İMAMOĞLU: “TÜRKİYE’DE ARTIK CHP’Lİ BELEDİYELER GERÇEĞİ VARDIR” Önceki görev dönemleri içerisinde 11 büyükşehir belediye başkanı ile sık sık bir araya geldiklerini ve bu kapsamda kamuoyunu bilgilendirdiklerini hatırlatan İmamoğlu, yeni dönemin ilk toplantısı için buluştuklarını aktardı. Son yıllarda siyasette yeni bir olgunun ağırlığının giderek arttığına dikkat çeken İmamoğlu, “Türkiye’de artık CHP’li belediyeler gerçeği vardır. Beldesinden büyükşehirine kadar, her düzeyde CHP’li belediyelerin uygulamaları, projeleri vatandaşlarımız tarafından beğeniyle takip ediliyor ve talep ediliyor. 2014 seçimlerinden 6 büyükşehir belediye başkanı olarak çıkmıştık. 2019’da 11 büyükşehir belediyesi kazanarak çıktık. Şimdi 2024, 31 Mart seçimleriyle 14 büyükşehir belediye başkanı olarak milletimizin hizmetindeyiz” dedi.
“REFAH BELEDİYECİLİĞİNDEN ÇOK, DAYANIŞMA BELEDİYECİLİĞİ YAPMAYA MECBUR KALDIK” Önceki görev dönemlerinin önemli bir bölümünün pandemiyle geçtiğinin altını çizen İmamoğlu, “Büyük bir dayanışmanın örgütlenmesi gerekiyordu.
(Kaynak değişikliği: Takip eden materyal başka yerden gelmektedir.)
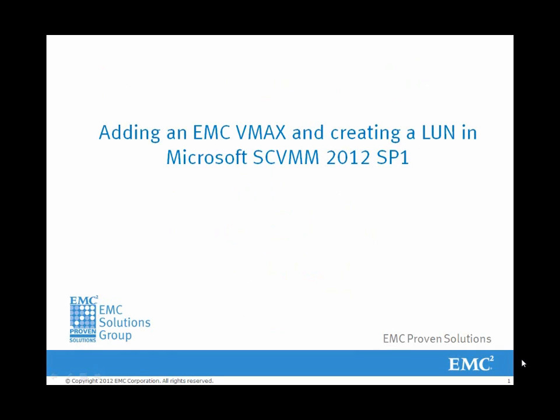Adding an EMC VMAX Array and creating a LUN in Microsoft SCVMM 2012 SP1.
Zamanın şartları, bizi ‘refah belediyeciliği’nden çok, ‘dayanışma belediyeciliği’ yapmaya mecbur bıraktı. Şimdi de tarihimizin en ağır ekonomik krizlerinden birisiyle, milletçe yüzleşiyoruz. Nüfusun neredeyse yarısının gelirinin, açlık sınırına gerilediği bir dönemdeyiz. Ekonomik krizin müsebbibi olan merkezi idare, krizin maliyetini de toplumun orta ve orta alt gelir gruplarına çıkarmak üzere bir program uygulamakta. Toplumun en üst gelir grubunda yer alan yüzde 20’lik kesim dışında her aile, her hane yoksullaşmadan ne yazık ki nasibini en derin şekilde alıyor ve yaşıyor. Yeni yoksullaşan orta sınıfların büyük çoğunluğu, bizim yönettiğimiz büyükşehirlerde, metropollerde yaşıyor. Bizi yerel seçimlerde zafere taşıyanlar, tam da bu kesimlerdir” şeklinde konuştu. “BİZ, ‘HALKÇI BELEDİYECİLİK’ BAYRAĞINI EN YUKARIDA TAŞIYANLARIZ” Tüm vatandaşlara olduğu gibi, ekonomik kriz nedeniyle yoksullaşan toplum kesimlerine borçları olan kişiler ve yönetimler olduklarına dikkat çeken İmamoğlu, şunları söyledi: “2019 sonrasında ortaya koyduğumuz dayanışma belediyeciliğinin deneyimiyle, bilgisiyle, birikimiyle, içinde bulunduğumuz ekonomik kriz ortamından da en yaratıcı yolları bulacağımızdan ve vatandaşlarımıza çok özel hizmetler sunacağımızdan eminim. Hiç şüphem yok ki; bir yandan temel hizmetleri aksatmadan sağlayacağımız ve özenli bir hizmet dönemi yaşatacağımız şehirlerimizde, diğer yandan hep birlikte yurttaşlarımızın hem aralarındaki dayanışmayı örgütleyeceğiz hem de yaratacağımız yeni kaynaklarla, güçlü yatırımlar yapmaktan geri durmayacağız. Çünkü biz, tarihin bu döneminde halkçı belediyecilik bayrağını en yukarıda taşıyanlarız. Bizler, halkçı belediyeciliğin en güzel örneklerini sergiledik, sergiliyoruz ve sergileyeceğiz. Unutmamalıyız ki; halkçı belediyecilik kavramı, icraatçı olmayı da içerir. Ama ben bu yönümüzün de özellikle hatırlatılması gerektiğine inanıyorum ve icraatçı belediyecilikte de çok öncü konumda olduğumuzu vatandaşlarımızla paylaşmak isterim.”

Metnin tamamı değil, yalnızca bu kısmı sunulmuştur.